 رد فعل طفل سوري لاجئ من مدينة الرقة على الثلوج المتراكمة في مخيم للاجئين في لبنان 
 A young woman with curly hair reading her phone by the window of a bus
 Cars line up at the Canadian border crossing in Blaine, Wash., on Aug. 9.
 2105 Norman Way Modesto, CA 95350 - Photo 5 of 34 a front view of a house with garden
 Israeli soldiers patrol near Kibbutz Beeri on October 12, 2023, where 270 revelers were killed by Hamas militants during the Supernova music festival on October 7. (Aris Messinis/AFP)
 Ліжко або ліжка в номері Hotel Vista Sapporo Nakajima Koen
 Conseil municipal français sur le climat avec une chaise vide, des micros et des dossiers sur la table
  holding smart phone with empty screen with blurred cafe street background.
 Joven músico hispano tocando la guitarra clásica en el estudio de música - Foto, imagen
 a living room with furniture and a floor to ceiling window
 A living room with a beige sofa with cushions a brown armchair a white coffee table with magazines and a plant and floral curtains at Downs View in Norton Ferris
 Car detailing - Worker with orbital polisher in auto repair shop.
***
About this task - In the data above, find the line containing "Joven músico hispano", then copy it and every later line exactly.

Output below -
 Joven músico hispano tocando la guitarra clásica en el estudio de música - Foto, imagen
 a living room with furniture and a floor to ceiling window
 A living room with a beige sofa with cushions a brown armchair a white coffee table with magazines and a plant and floral curtains at Downs View in Norton Ferris
 Car detailing - Worker with orbital polisher in auto repair shop.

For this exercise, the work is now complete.